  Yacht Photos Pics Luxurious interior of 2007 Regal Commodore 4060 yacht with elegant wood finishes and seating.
**********
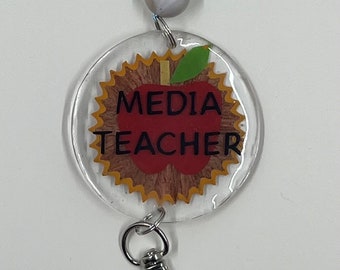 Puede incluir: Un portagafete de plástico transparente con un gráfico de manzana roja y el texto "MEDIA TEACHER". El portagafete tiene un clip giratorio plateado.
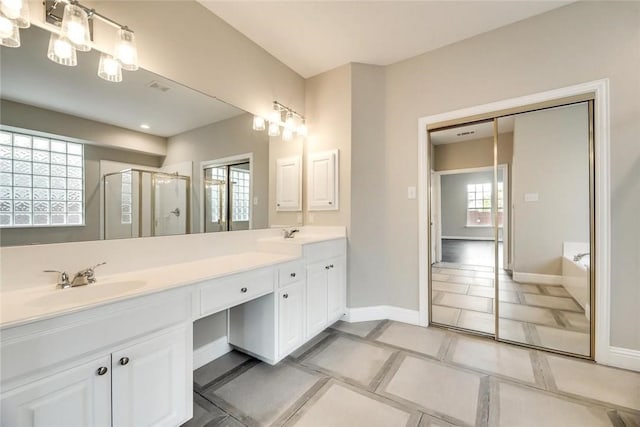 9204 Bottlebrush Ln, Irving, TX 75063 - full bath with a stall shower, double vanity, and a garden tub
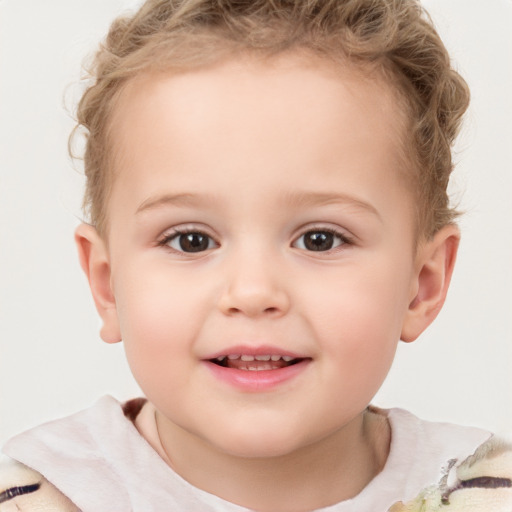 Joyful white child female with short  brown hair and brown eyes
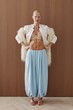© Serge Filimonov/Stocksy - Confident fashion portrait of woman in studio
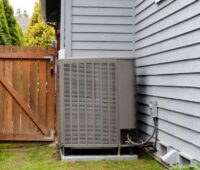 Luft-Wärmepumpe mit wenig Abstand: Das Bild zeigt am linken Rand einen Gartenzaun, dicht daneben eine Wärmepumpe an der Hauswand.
**********
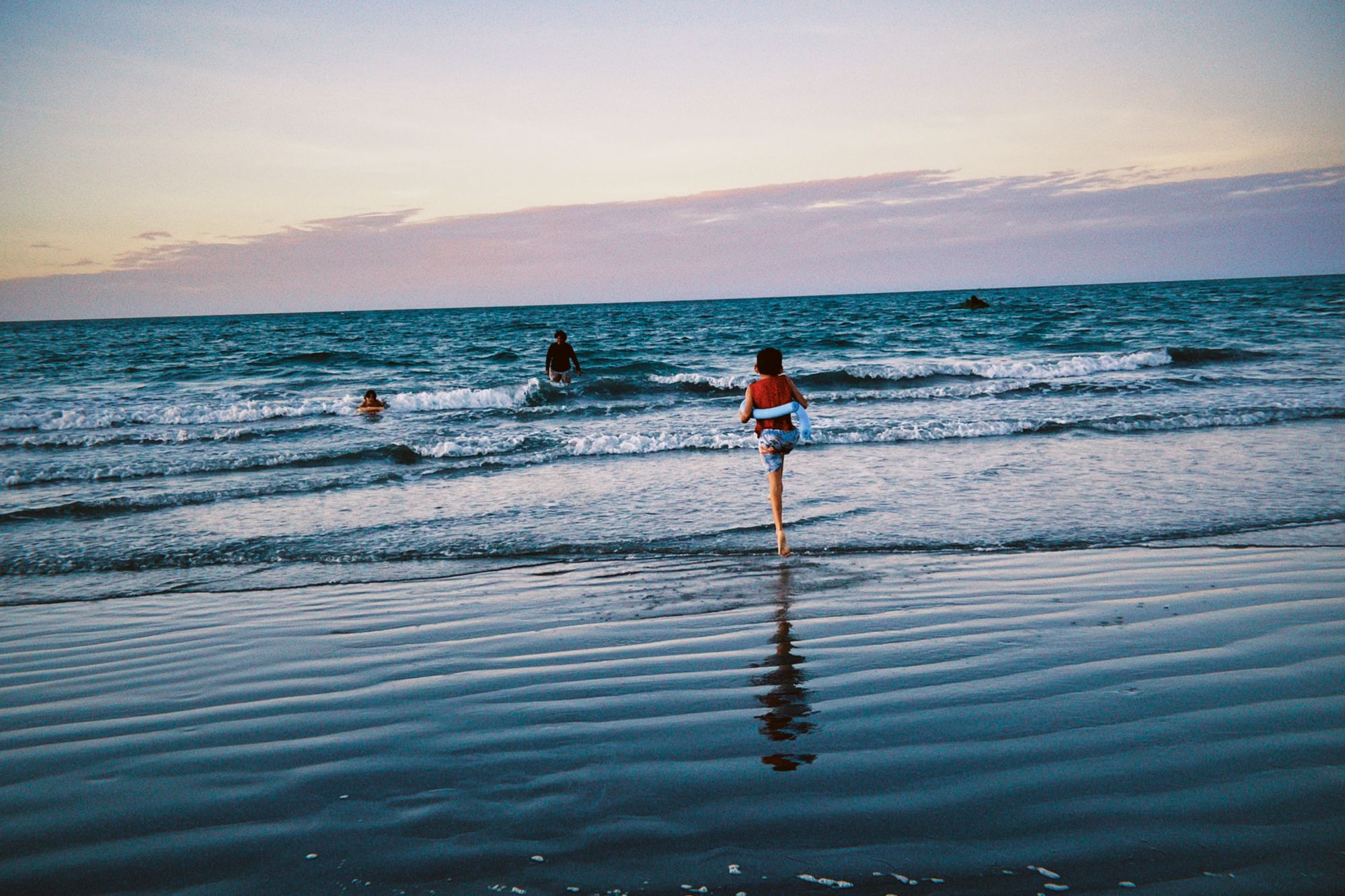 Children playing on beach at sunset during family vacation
**********
● **Aim of the task**
Copy exactly the part of the material above that opens with the line containing "9204 Bottlebrush Ln, Irving, TX" and closes with the line containing "Luft-Wärmepumpe mit wenig", ends included. Drop the images.

● **Answer to this exercise**
 9204 Bottlebrush Ln, Irving, TX 75063 - full bath with a stall shower, double vanity, and a garden tub
 Joyful white child female with short  brown hair and brown eyes
© Serge Filimonov/Stocksy - Confident fashion portrait of woman in studio
 Luft-Wärmepumpe mit wenig Abstand: Das Bild zeigt am linken Rand einen Gartenzaun, dicht daneben eine Wärmepumpe an der Hauswand.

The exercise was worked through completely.